Wednesday, April 11, 2012

Does Organizational Cognition Make Sense?

#orgintelligence @carlhaggerty argues that ‘Social’ is Key to Improving Performance, discussing my presentation on Modelling Intelligence in Complex Organizations.

Carl quotes the statement that "Cognition only makes sense for individuals" (Slide 5). This is a reductionist view that I don't myself share. I prefer the holistic view presented in my following slide: that cognition makes sense for socially-embedded systems - not just people but also communities. I personally don't have any problem talking about how an organization perceives and decides and remembers and learns - not just as a metaphor but as a literal account of what is going on. However, I have had many arguments about this with people who are uncomfortable with applying any notion of cognition to artificial or social entities.

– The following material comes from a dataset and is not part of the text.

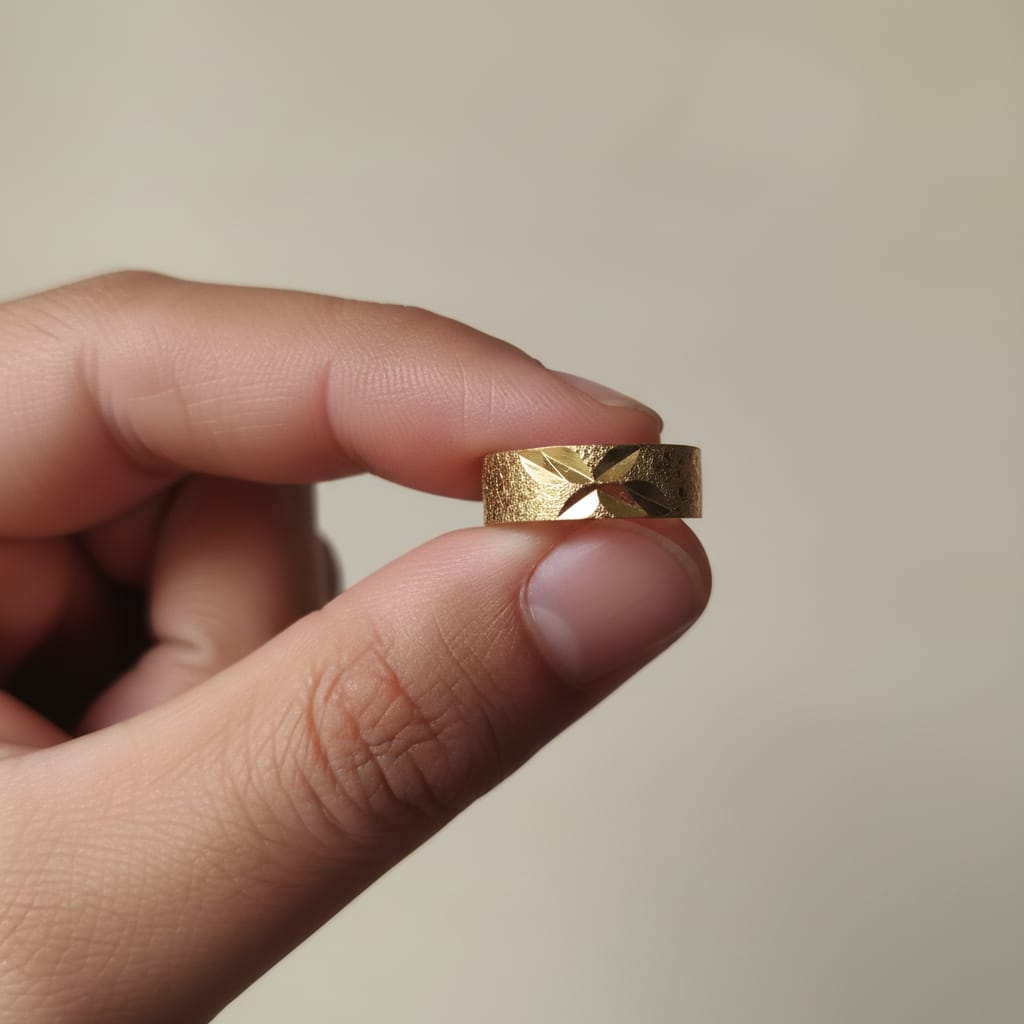 Micro Gold Plated Star Cut Frosted Wide Band Ring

In practice, reductionists are usually willing to talk about non-human cognition, but they think this is only properly meaningful if it can ultimately be defined in terms of human cognition. Now there may well be a mapping between non-human cognition and human cognition, but it is probably very complicated and it's not something I'm particularly interested to work out.

Interestingly, some people who object to the notion of an organization having a collective memory don't seem bothered by the notion of an organization making a collective decision. Perhaps that has to do with the fact that collective decisions can often be understood as the result of a semi-democratic process in which individuals have a weighted voice/vote depending on their status in the organization. (Although in practice, collective decisions never quite work like that, and it is perfectly possible for an organization to arrive at a collective decision that nobody is happy with.)

This then links to the point Carl picks up from my slide 7 - the illusion of individual performance. In my book on Organizational Intelligence (now available on LeanPub, thanks for asking), I talk about the Talent Myth that was one of the things that did for Enron - the idea that all you have to do to build a brilliant company is recruit a bunch of brilliant individuals. Thinking about organizational intelligence doesn't diminish the talents and efforts of individuals, but we have to understand how these individuals can collaborate intelligently and learn collectively, using a wide range of sociotechnical mechanisms, to achieve greater results.

Carl thinks this is highly relevant in a public sector context. "An individual local government officer has a complex system environment, which could include Peers, Press and Media, local demographic, local political influence, national political influence, training, policy framework etc. Essentially an individual's performance is the result of the ‘systems’ own restrictions and ability to achieve and facilitate outcomes."

As I understand it, Carl's own work focused on building social knowledge systems to support local government intelligence. As local government (like everyone else these days) is constrained to do more with less, good organizational intelligence is surely a critical success factor.